Toko MISHA COSMETIC di Kebon Jeruk Diduga Jadi Sarang Tramadol Golongan G

MPI, JAKARTA BARAT — Peredaran obat keras jenis Tramadol dan Eximer di wilayah Jabodetabek kini semakin mengkhawatirkan.

Praktik ilegal ini diduga beroperasi secara terselubung di balik sejumlah toko kosmetik, salah satunya MISHA COSMETIC yang berlokasi di Jl. Asem Raya No. 8, RT 8/RW 8, Duri Kepa, Kecamatan Kebon Jeruk, Jakarta Barat.

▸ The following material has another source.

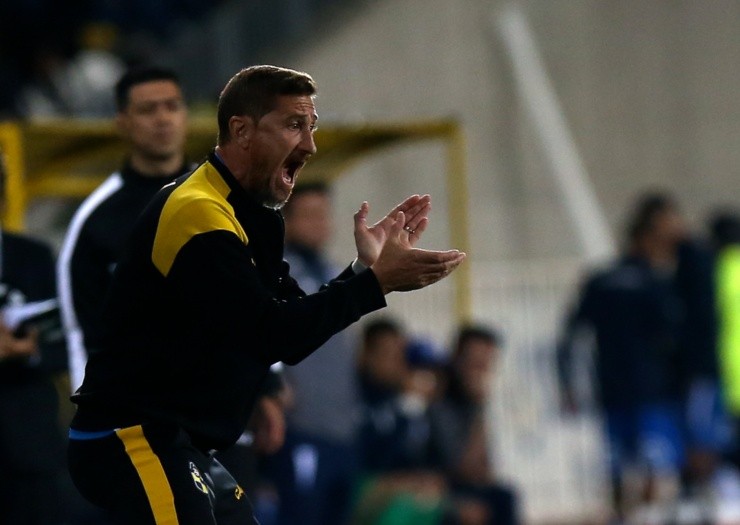 El estratega de los Piratas ve a los Cruzados con un nivel internacional | Foto: Agencia Uno 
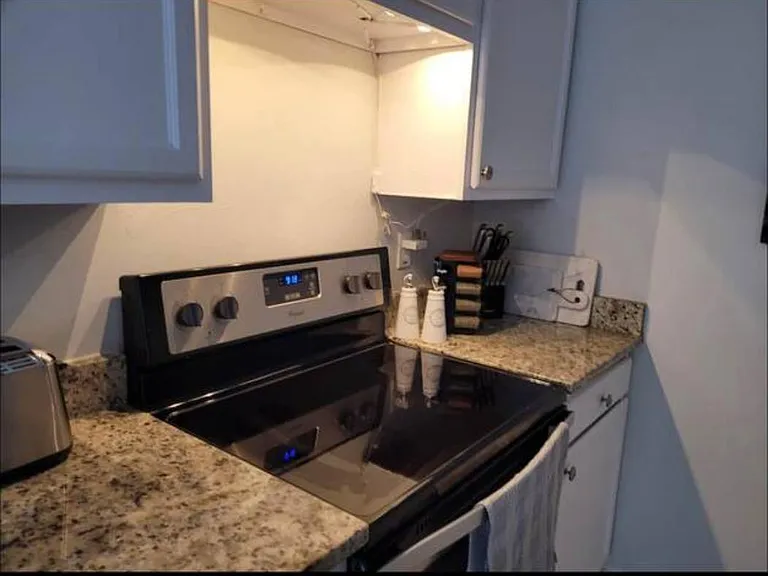 14 Meadowbrook Dr — Photo 18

Obat keras golongan G tersebut, yang seharusnya hanya dapat dibeli dengan resep dokter, dijual bebas tanpa pengawasan. Kondisi ini menimbulkan kekhawatiran akan meningkatnya penyalahgunaan obat, kenakalan remaja, hingga tindak kriminal.

Toko MISHA COSMETIC di Kebon Jeruk Diduga Jadi Sarang Tramadol Golongan G, Jaringan Ilegal Disinyalir Dilindungi Oknum APH

Modus Kamuflase dan Dampak Sosial

Peredaran obat ilegal ini disebut berlangsung dengan rapi melalui modus kamuflase. Banyak toko yang menyamarkan aktivitasnya dengan label “kosmetik”, “konter HP”, atau “barang kebutuhan rumah tangga”. Namun, di balik etalase tersebut, transaksi obat keras golongan G justru dilakukan secara rutin.

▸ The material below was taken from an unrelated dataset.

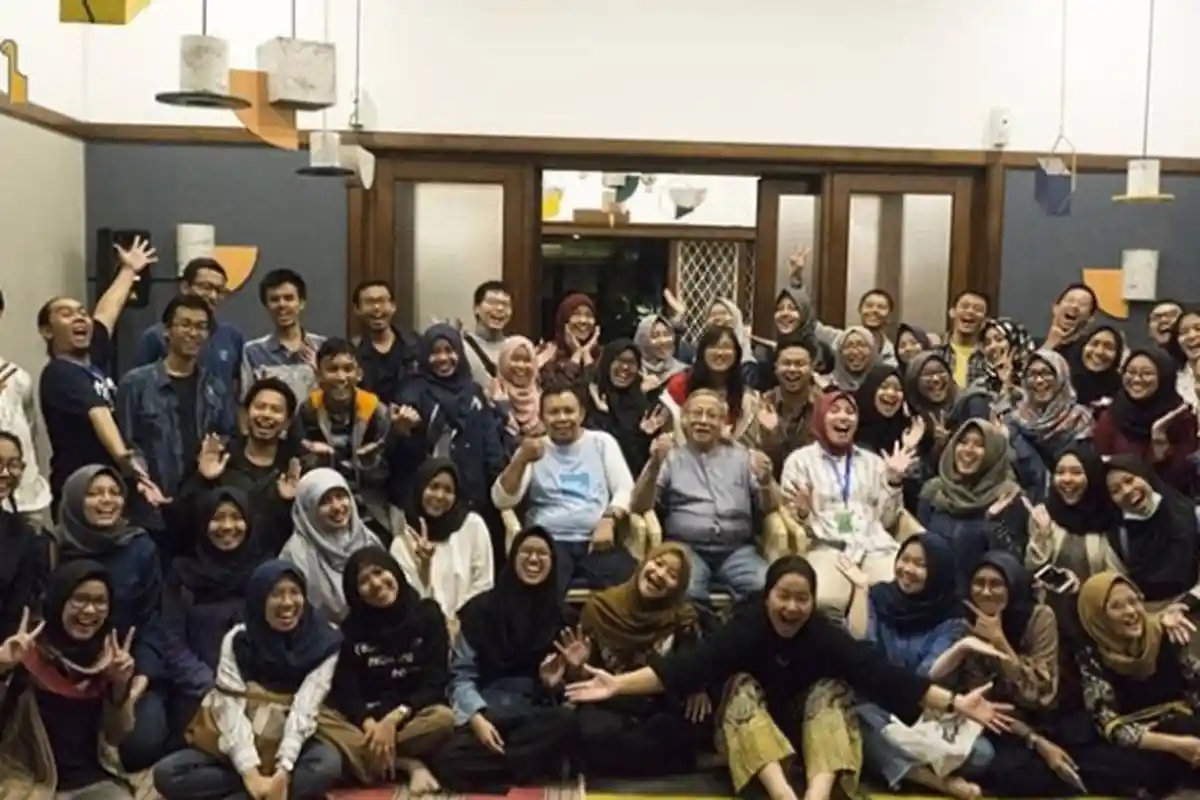 Indo Lecture Bandung Kembangkan Edukasi Musik dan Lestarikan Angklung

Dampak penggunaan obat-obatan ini sangat berbahaya. Selain menyebabkan ketergantungan, penyalahgunaan Tramadol dan Eximer juga dapat menimbulkan gangguan kejiwaan, kejang, bahkan kematian.

Sorotan Aktivis dan Dugaan Perlindungan Oknum

Jurnalis Agus Ramdani dari media Fakta Merah, yang akrab disapa Aggus, menyoroti dampak destruktif dari praktik tersebut.

> “Obat ini akan menghancurkan generasi muda penerus bangsa. Saya berharap pihak berwenang segera menindak dan tidak ada oknum aparat dari tingkat Polda, Polres, hingga Polsek yang melindungi praktik ini,” tegas Agus pada Rabu (8/10/2025).

 

Lebih lanjut, muncul dugaan adanya oknum aparat penegak hukum (APH) yang diduga melindungi jaringan peredaran obat keras berkedok toko kosmetik tersebut. Berdasarkan informasi yang beredar, aparat disebut telah mengetahui keberadaan toko-toko semacam itu, namun hanya menegur atau meminta tutup sementara tanpa penindakan hukum yang tegas.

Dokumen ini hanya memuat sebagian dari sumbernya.